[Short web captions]
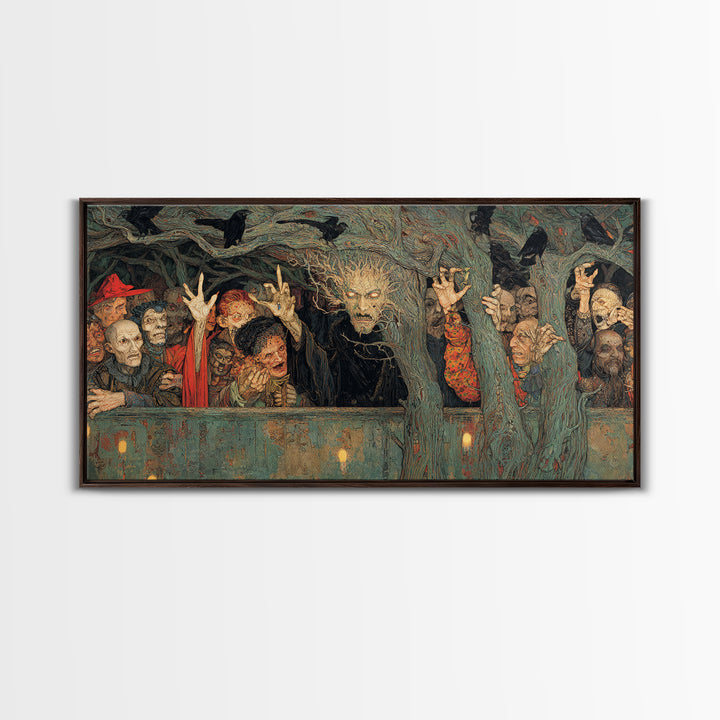 The Hollow-Tree Monster, Grotesque Carnival Art, Wide Panoramic Art, Dark Fantasy Wall Art, Canvas Print, Halloween Wall Art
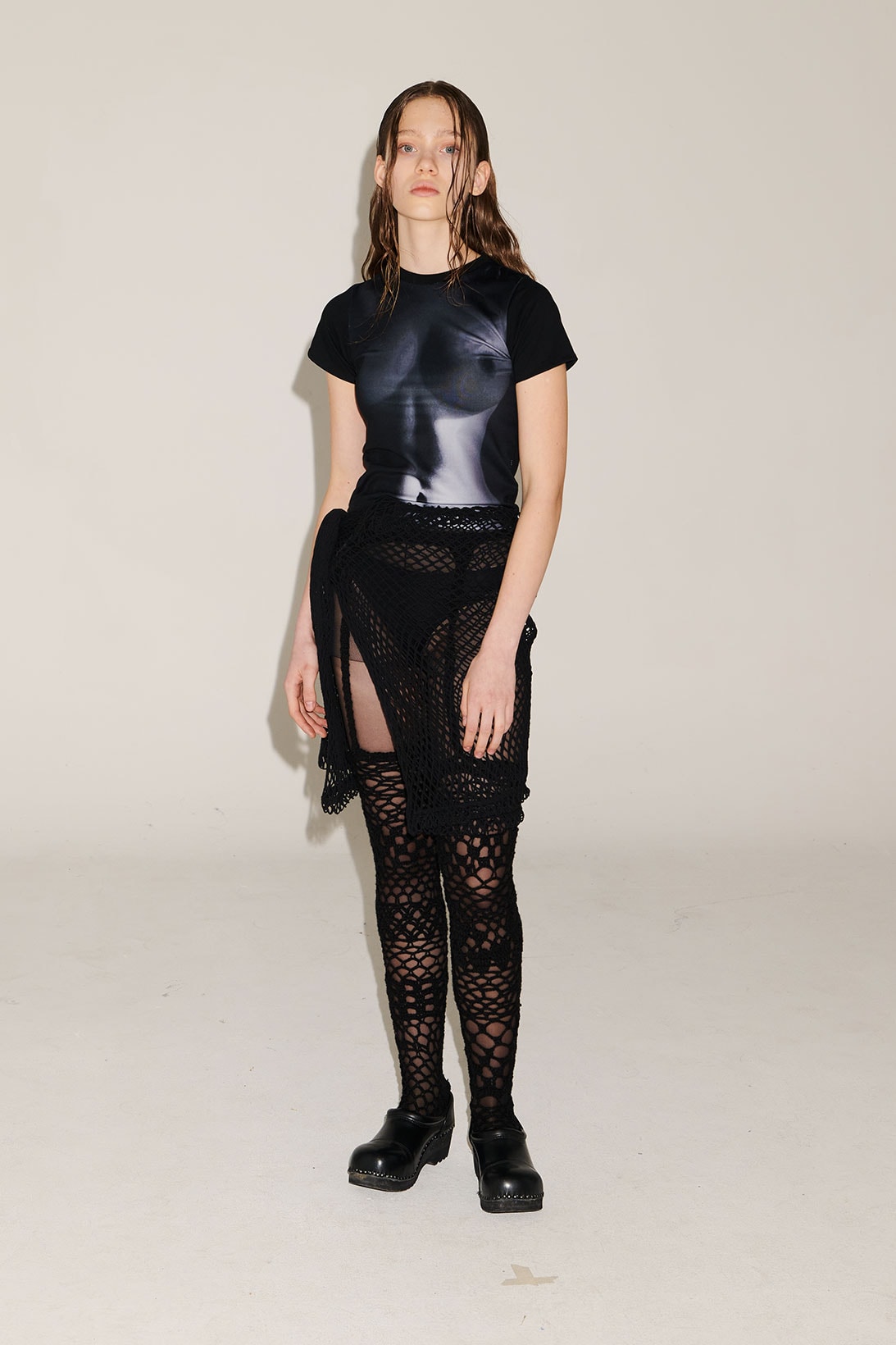 joegush fw21 fall winter collection lookbook korean emerging designer trompe loeil t-shirt fishnet tights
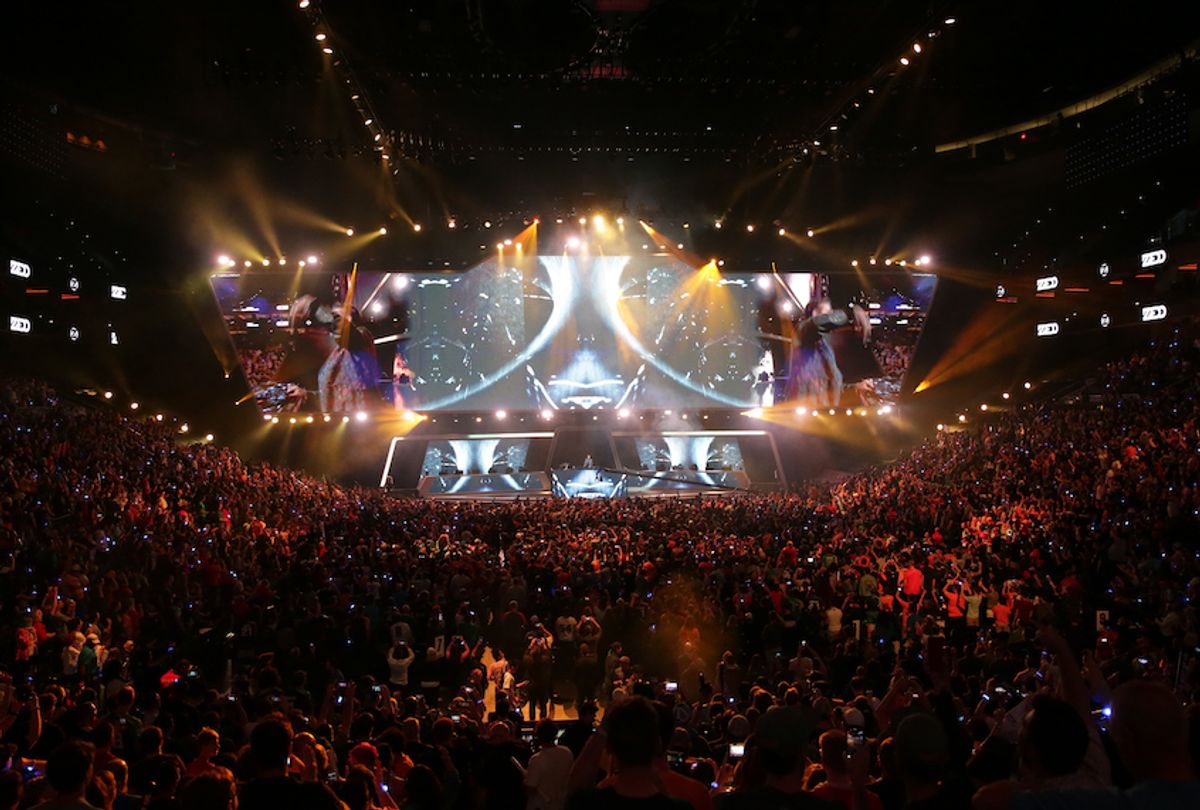Fans watch the opening entertainment of the Overwatch League Grand Finals at the Wells Fargo Center on September 29, 2019 in Philadelphia, Pennsylvania. (Hunter Martin/Getty Images)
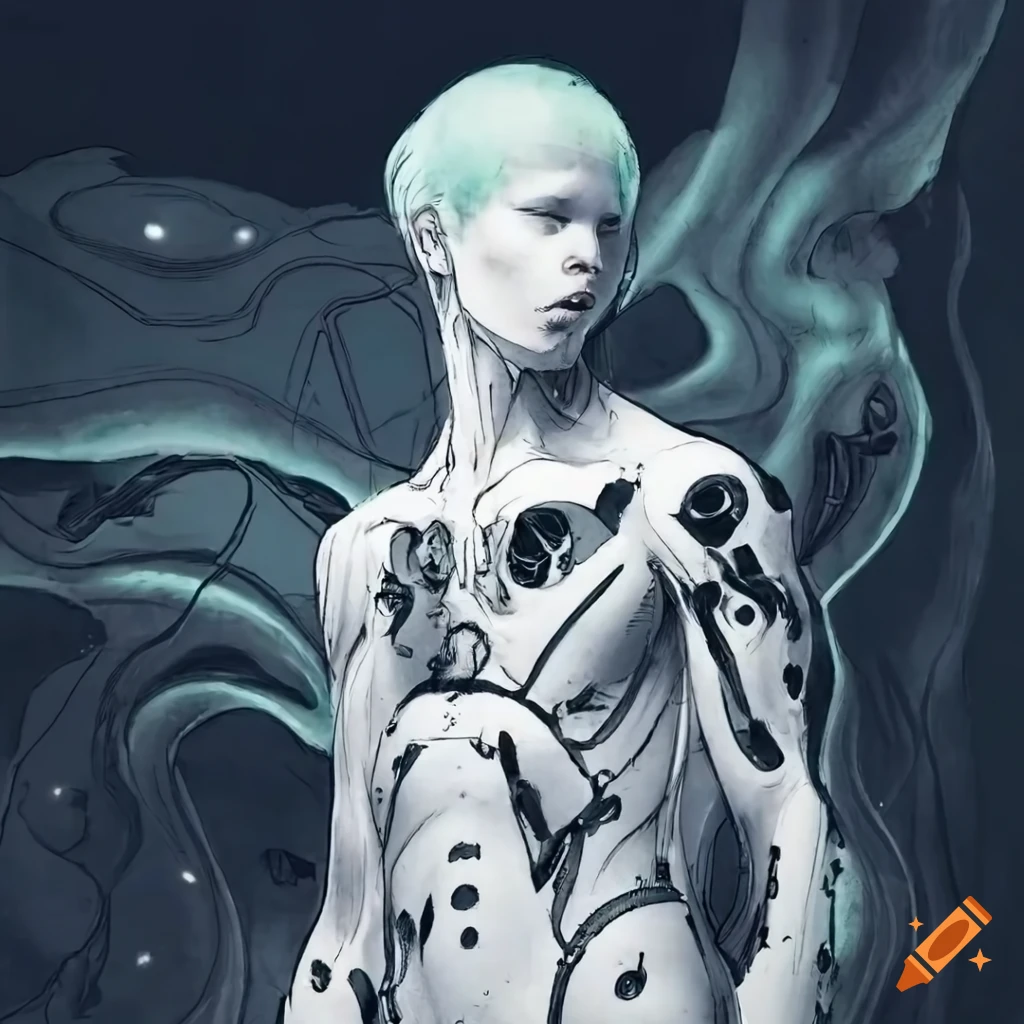 White-black ink young male cyborg in a cutting-edge bodysuit with light cyan hair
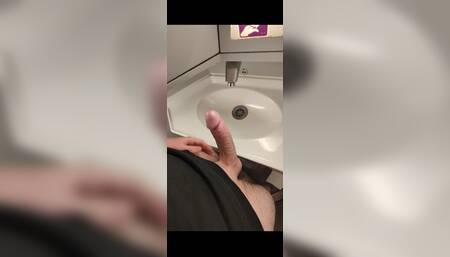 Jerking my cock in the toilet of the train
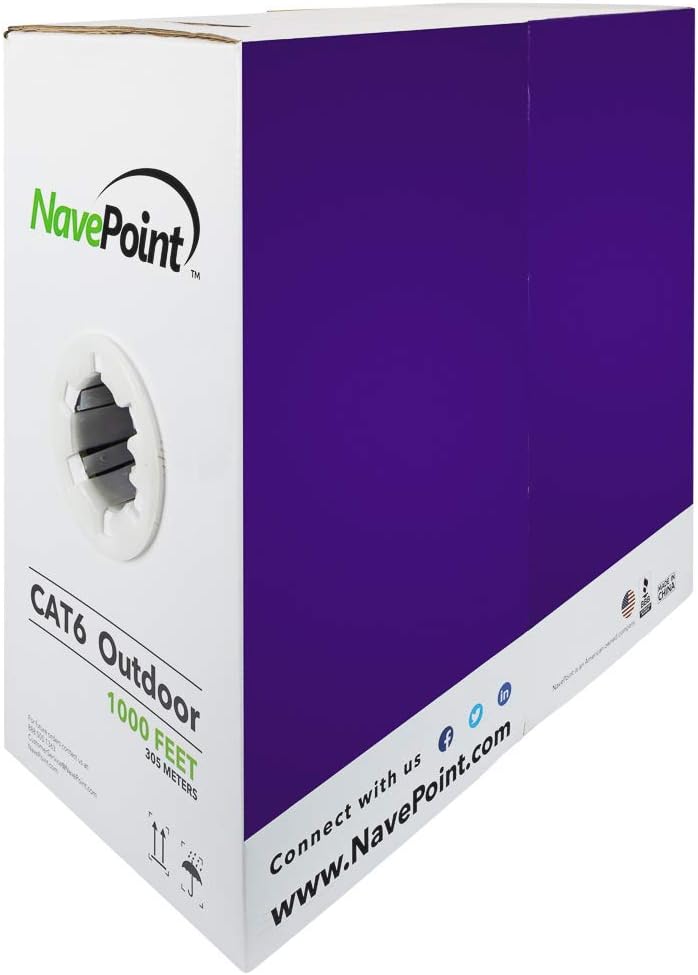 NavePoint CAT6 UTP Outdoor Direct Burial Ethernet Cable 1000 Ft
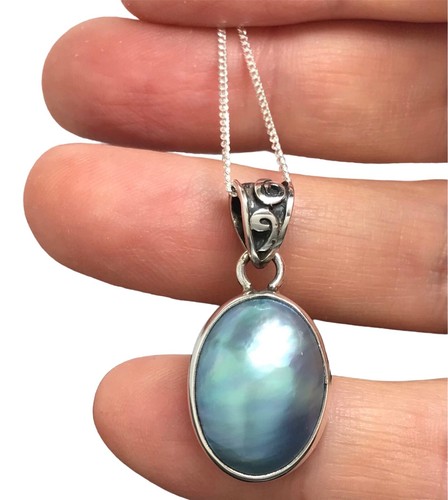 Blue mabe pearl pendant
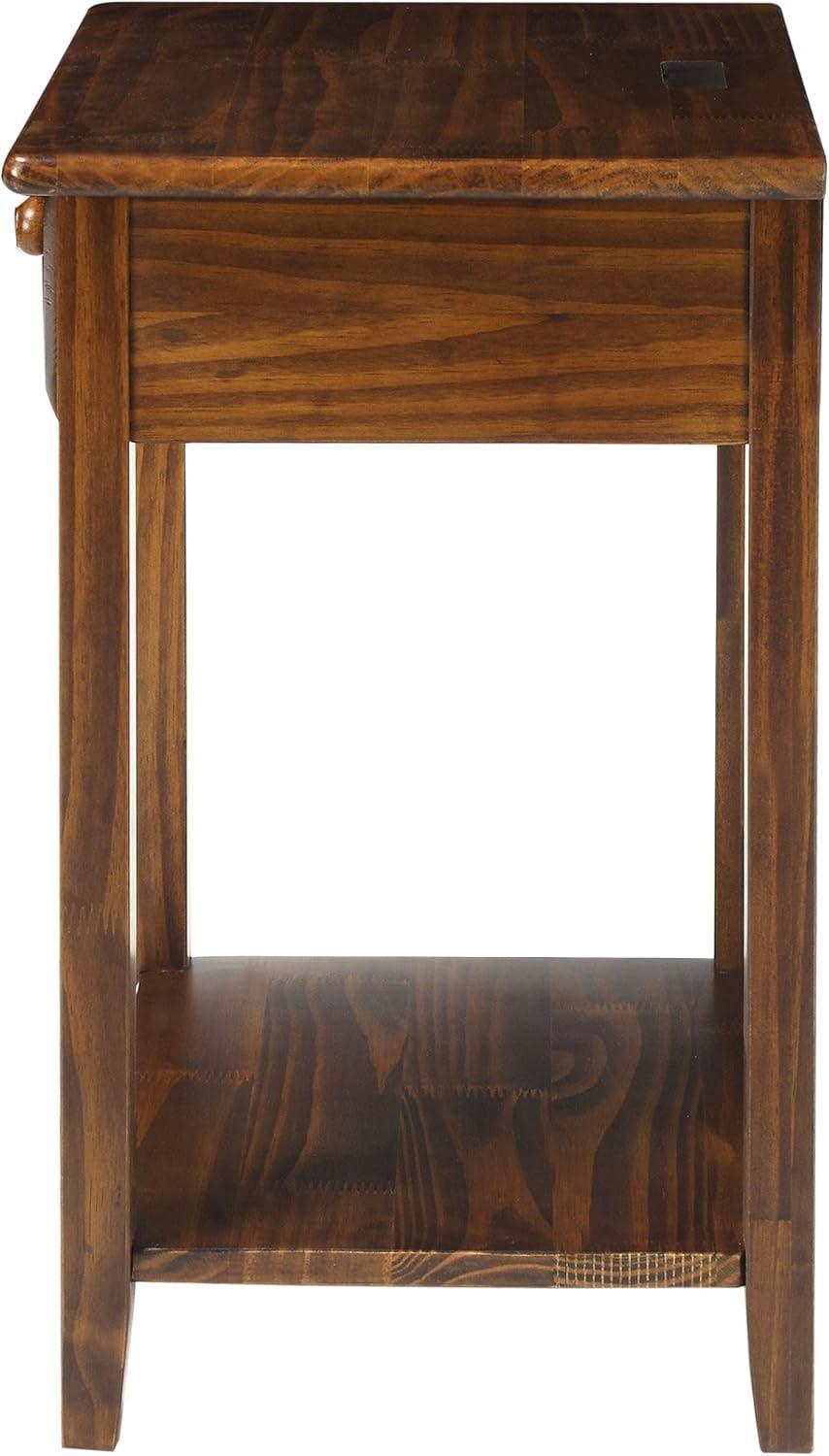 Casual Home Solid Wood Night Owl Bedside Nightstand with USB Ports, Warm Brown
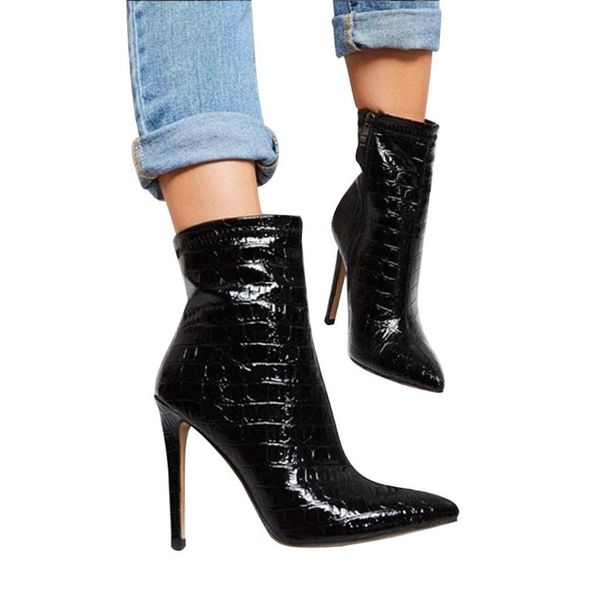

boots thin heel 2121 nice fashion pu pointed toe high boot shoes 35-52 ankle heels, Black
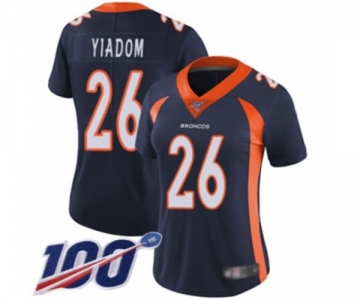 Women's Denver Broncos #26 Isaac Yiadom Navy Blue Alternate Vapor Untouchable Limited Player 100th Season Football Jersey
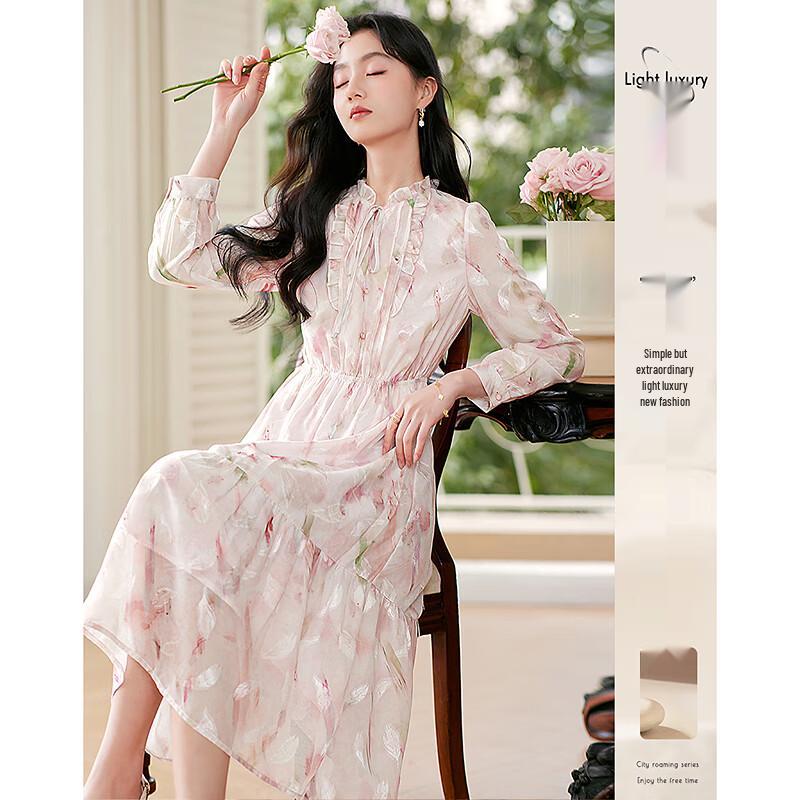 

Women s Elegant Floral A-Line Midi Dress L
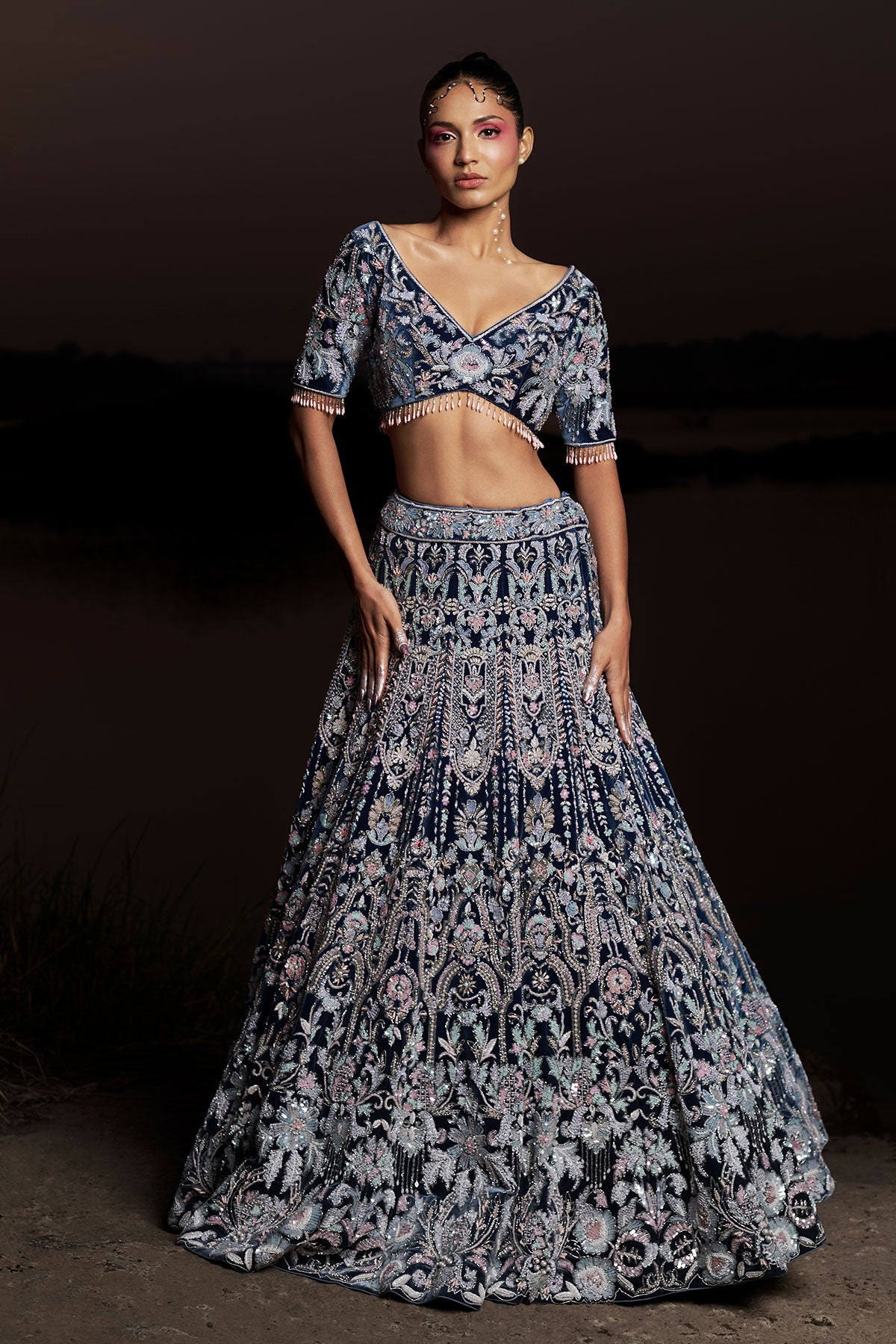NOORI I-Midnight blue bridal lehenga in silk velvet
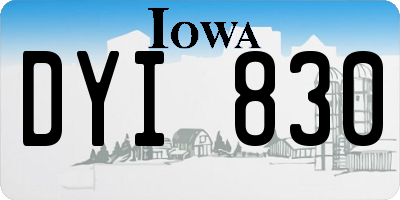 IA license plate DYI830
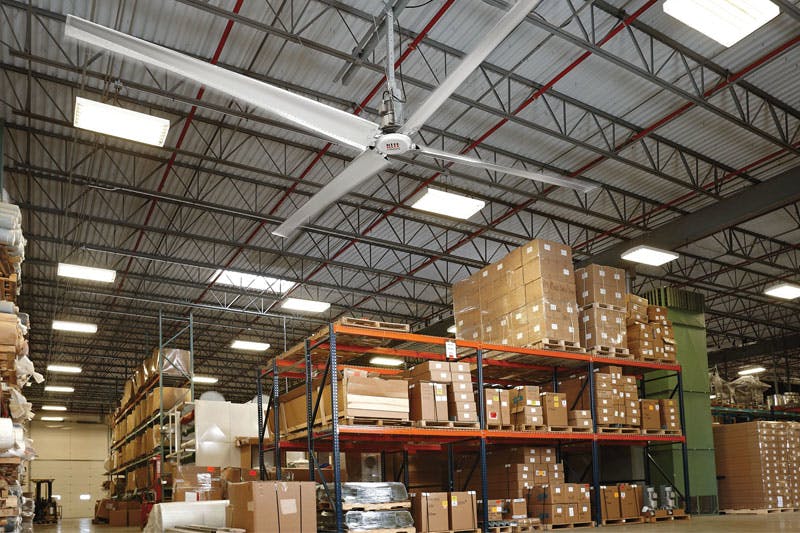 By moving large volumes of air in a controlled manner, HVLS fans make HVAC systems more efficient, while significantly improving the comfort and health of workers 365 days a year. All images courtesy of Rite-Hite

- _About this exercise_: Begin at the first line of the entries and end at the line containing "White-black ink young": write out each line exactly, skipping pictures.

- _Answer space_:
 The Hollow-Tree Monster, Grotesque Carnival Art, Wide Panoramic Art, Dark Fantasy Wall Art, Canvas Print, Halloween Wall Art
 joegush fw21 fall winter collection lookbook korean emerging designer trompe loeil t-shirt fishnet tights
Fans watch the opening entertainment of the Overwatch League Grand Finals at the Wells Fargo Center on September 29, 2019 in Philadelphia, Pennsylvania. (Hunter Martin/Getty Images)
 White-black ink young male cyborg in a cutting-edge bodysuit with light cyan hair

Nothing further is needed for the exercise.